La campagna elettorale per il «no» all’indipendenza della Scozia del leader laburista Ed Milliband si è chiusa con una clamorosa contestazione. Milliband è stato costretto a lasciare l’assembramento a cui partecipava in fretta e furia mentre i sostenitori del «sì», gridavano a squarciagola «bugiardo». Milliband è solo l’ultimo di una serie di politici, arrivati nel centro di Edimburgo, e contestati dalla folla mentre tentavano di incontrare venditori ambulanti e semplici cittadini.
Milliband ha in seguito confermato la sua intenzione di continuare a parlare con gli indecisi nelle prossime ore. «Penso abbiamo visto il lato peggiore della campagna per il “sì”», ha detto Milliband dopo la contestazione. «La passione ha prevalso sui modi civili con cui dovrebbe svolgersi una campagna referendaria come questa», ha aggiunto il leader laburista che, insieme a Cameron e Clegg, ha promesso, in una lettera pubblicata dalla stampa locale, di estendere i privilegi di cui già la Scozia gode nel caso in cui il referendum per l’indipendenza dovesse essere bocciato.

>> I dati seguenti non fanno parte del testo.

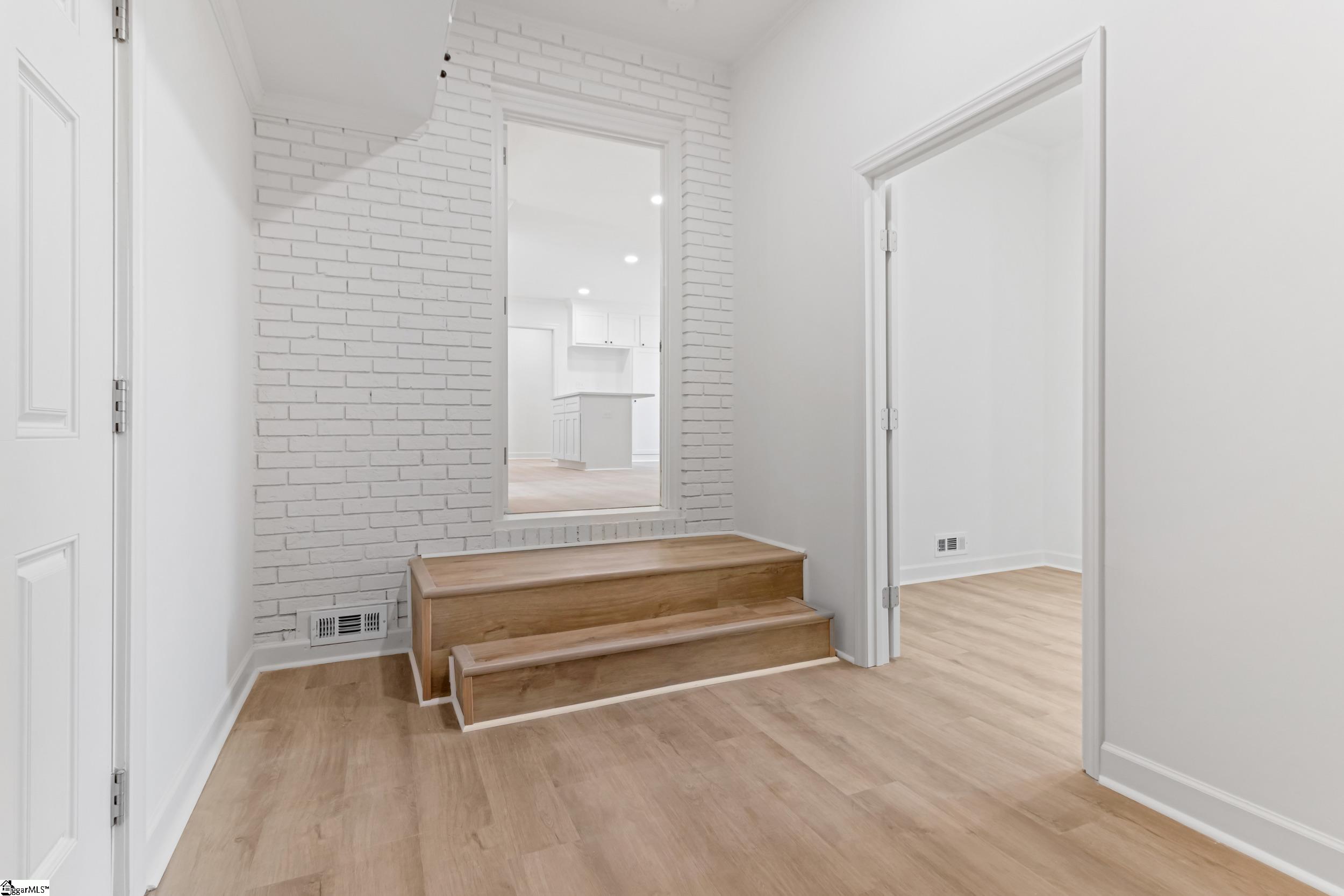 102 Artillery Road Taylors, SC 29687 - Photo 8 of 45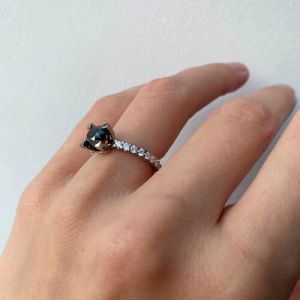 Anillo redondo de diamantes negros con lateral y pavé oculto - Photo 6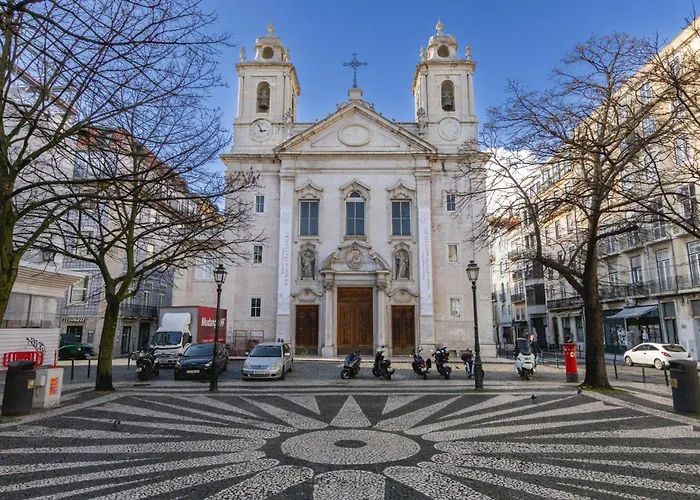 Beautiful 2br High Ceiling/50m From Timeout Market Apartman Lisboa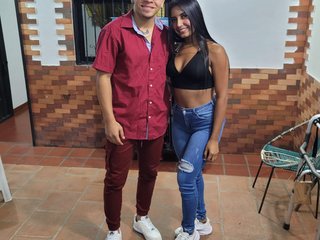 צ'אט וידאו ארוטי Amber-Calvin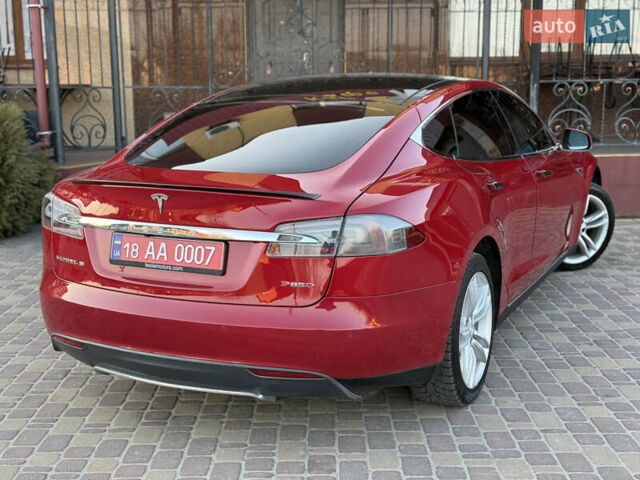 Красный Тесла Модель С, объемом двигателя 0 л и пробегом 116 тыс. км за 18500 $, фото 67 на Automoto.ua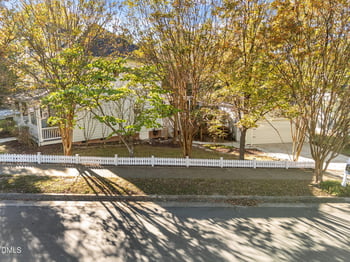 604 Cameron Glen Dr, Apex, NC 27502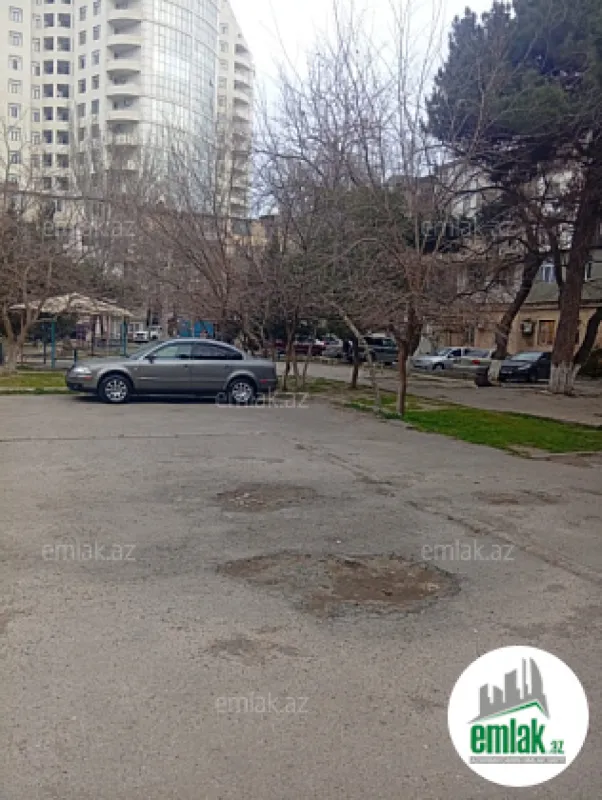 Satılır 3 otaqlı köhnə tikili 75 m²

L’episodio rivela però una più generale disaffezione dell’elettorato laburista, soprattutto nelle periferie urbane. Le cellule locali del Labour in Scozia, secondo un reportage del Guardian, sono «moribonde». Molti pensionati scozzesi, tradizionali sostenitori dei Labour, stanno facendo inaspettatamente e all’ultimo momento campagna per il «sì» all’indipendenza scozzese. Questo dimostrerebbe come il partito stia continuamente perdendo il sostegno della sua base elettorale.
Almeno il 42% dell’elettorato Labour alle elezioni generali del 2010, avrebbe intenzione di votare per il «sì» all’indipendenza. Gli assembramenti a sostegno del «sì» sono affollatissimi, mentre gli oratori parlano di identità nazionale più che politica per giustificare la deviazione dal tradizionale voto di appartenenza. Se gli elettori dovessero seguire le indicazioni di conservatori e laburisti, dovrebbe realizzarsi una vittoria schiacciante dei voti contro la secessione scozzese. Invece, non sembra che si stia delineando questo scenario.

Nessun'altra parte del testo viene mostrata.